The 15 for Shifting Perspectives: The Arab World selected titles are by makers who come from or have their roots in those countries themselves. Very diverse productions, from personal to experimental. Often small and less well-known stories, in which events from everyday life play out against the backdrop of larger political developments.
No jihadists
Therefore, an impressive competition film as Of Fathers and Sons, about the life of an Al Nusra fighter shuttling between front and family in northern Syria, yet not selected for The Arab World. After all, the jihadist phenomenon is familiar enough by now.
Well selected was the extraordinary and confrontational Ghost Hunting. Palestinian ex-prisoners reenact scenes they experienced themselves in a recreated Israeli cell complex. Reconstruction and processing therapy all in one. A project that helps participants regain control of their own identity.
Identity is a recurring theme in the wide-ranging programme. Amal, about the Egyptian girl in a man's world is already a telling example of this. In a very different way, the theme surfaces in the French-Algerian China is Still Far Away. Director Malek Bensmaïl visits the Berber village where the Algerian struggle for independence erupted over 50 years ago. Now he films schoolchildren there, listening with visible boredom to lessons about the past and struggling with French grammar. Because Algeria may be proud and independent, but the language of the former coloniser is still indispensable for anyone who wants to achieve anything. If that is not a torn identity!
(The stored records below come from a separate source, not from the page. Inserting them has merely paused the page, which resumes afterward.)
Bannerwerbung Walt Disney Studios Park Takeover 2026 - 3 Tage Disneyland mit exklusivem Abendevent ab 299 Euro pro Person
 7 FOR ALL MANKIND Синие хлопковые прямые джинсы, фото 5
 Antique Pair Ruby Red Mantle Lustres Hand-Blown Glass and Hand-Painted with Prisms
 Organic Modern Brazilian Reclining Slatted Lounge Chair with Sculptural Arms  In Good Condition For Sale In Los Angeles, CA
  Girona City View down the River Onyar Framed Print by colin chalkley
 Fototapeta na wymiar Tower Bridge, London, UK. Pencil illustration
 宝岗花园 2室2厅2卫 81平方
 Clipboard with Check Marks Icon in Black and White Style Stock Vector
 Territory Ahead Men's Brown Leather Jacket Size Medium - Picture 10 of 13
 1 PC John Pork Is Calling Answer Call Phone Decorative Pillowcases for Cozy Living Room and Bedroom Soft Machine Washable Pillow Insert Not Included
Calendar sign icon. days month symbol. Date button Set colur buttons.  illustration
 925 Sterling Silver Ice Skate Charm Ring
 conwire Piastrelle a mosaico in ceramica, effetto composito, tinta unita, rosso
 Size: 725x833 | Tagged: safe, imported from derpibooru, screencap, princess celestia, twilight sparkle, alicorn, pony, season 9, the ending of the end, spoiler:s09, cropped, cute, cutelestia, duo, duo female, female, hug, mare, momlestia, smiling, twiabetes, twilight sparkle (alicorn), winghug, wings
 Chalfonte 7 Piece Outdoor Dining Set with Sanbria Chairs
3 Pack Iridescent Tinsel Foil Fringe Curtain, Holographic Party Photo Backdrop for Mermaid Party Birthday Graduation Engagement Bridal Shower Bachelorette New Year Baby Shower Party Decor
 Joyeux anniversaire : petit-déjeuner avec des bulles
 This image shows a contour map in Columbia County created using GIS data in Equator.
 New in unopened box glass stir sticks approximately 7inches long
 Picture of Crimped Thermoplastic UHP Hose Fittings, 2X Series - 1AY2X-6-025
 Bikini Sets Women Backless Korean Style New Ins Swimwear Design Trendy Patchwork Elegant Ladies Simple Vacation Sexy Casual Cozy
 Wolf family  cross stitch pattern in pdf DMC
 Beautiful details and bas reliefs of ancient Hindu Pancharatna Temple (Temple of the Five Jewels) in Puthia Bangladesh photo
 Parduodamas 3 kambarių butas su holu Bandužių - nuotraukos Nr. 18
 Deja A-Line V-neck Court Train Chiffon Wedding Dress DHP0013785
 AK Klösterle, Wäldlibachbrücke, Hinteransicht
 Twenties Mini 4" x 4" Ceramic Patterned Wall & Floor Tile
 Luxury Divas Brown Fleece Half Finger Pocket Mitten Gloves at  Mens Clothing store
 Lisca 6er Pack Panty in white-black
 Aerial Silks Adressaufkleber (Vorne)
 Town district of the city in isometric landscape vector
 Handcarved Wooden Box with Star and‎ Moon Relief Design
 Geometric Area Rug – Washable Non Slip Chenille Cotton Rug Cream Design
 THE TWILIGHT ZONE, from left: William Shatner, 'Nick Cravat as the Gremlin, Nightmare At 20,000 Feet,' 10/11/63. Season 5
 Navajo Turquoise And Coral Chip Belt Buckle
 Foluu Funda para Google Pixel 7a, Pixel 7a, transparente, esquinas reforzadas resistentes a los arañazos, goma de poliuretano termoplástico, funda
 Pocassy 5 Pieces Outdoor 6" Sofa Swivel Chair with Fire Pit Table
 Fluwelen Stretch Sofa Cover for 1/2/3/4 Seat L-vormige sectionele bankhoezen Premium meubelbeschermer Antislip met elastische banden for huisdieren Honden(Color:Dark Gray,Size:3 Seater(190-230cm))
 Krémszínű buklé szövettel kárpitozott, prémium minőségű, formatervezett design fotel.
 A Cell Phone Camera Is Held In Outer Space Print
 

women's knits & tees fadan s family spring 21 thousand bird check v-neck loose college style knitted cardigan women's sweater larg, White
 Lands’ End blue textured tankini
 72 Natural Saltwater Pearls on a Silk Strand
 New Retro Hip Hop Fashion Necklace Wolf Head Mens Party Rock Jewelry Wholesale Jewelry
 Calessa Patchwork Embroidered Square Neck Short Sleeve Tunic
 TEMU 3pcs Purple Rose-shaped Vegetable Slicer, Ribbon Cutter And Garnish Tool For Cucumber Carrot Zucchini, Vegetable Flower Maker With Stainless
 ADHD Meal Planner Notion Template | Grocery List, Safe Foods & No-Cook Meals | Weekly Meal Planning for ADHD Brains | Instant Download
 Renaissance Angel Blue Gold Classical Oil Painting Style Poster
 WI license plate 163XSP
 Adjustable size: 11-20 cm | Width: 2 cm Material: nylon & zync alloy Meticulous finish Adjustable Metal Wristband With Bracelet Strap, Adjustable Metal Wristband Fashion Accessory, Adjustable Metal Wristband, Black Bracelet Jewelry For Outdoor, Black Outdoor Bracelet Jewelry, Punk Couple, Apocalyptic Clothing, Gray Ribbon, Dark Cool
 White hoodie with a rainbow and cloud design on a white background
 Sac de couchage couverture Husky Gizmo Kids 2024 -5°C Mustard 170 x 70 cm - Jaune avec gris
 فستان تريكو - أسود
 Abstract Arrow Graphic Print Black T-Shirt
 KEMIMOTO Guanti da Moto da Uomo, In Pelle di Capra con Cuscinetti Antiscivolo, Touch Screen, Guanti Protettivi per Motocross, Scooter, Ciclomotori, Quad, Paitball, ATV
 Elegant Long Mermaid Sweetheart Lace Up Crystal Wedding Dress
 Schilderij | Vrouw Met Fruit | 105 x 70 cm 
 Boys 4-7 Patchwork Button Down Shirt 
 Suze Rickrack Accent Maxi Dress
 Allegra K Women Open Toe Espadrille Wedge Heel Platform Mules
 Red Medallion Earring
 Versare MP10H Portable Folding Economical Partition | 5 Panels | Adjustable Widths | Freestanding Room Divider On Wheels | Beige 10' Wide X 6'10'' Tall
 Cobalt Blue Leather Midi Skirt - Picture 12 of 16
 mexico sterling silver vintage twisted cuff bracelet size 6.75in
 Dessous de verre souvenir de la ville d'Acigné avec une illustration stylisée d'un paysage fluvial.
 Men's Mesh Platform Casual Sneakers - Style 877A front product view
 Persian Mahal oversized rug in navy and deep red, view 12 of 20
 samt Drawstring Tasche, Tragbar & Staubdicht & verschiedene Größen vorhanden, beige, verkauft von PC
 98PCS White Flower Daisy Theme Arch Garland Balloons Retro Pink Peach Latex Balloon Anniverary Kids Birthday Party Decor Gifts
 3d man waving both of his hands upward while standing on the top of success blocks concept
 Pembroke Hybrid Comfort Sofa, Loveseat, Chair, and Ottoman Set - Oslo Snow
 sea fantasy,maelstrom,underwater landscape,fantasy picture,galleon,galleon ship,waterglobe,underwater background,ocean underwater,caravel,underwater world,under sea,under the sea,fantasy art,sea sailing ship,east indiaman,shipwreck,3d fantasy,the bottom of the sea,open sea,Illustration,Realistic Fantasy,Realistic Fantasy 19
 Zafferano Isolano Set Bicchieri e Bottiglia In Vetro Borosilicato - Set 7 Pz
At the same time, it is a delightfully relatable portrait of local youth. Truant rascals who nevertheless board the bus with great bravado for a school trip to the sea.
Moving outpouring
Recognisable? Yes indeed, and according to Van Halsema that's the intention. We do not see the people from that Arab world as the embodiment of news clichés. They are not primarily people who are different from ourselves, but rather citizens, fathers and mothers, sons and daughters. Nuanced images that are much more personal than we are usually presented with, and therefore more recognisable and also more universal.
I was moved by the cleaning lady's unexpected but telling outpouring in China is Still Far Away. At Homeland I had to laugh at the students half-jokingly wondering where the invasion is now. They had counted on the exams being cancelled. Now they threaten to go ahead anyway even though they haven't prepared. But later in the same film, a tour of the poverty-stricken neighbourhoods where disconcerting stories emerge after the fall of Saddam.
And the monty teenager Kanar? Who is doing her homework by an oil lamp during one of the many power cuts. Her little brother, meanwhile, shows off the brand new satellite dishes on the roof. Under Saddam these were banned. At last they can now receive foreign channels, he reports happily. It is almost reassuring, were it not for the fact that by then the filmmaker has already severely warned us of something to come.
The 30th International Documentary Film Festival Amsterdam will take place from 15 - 26 November.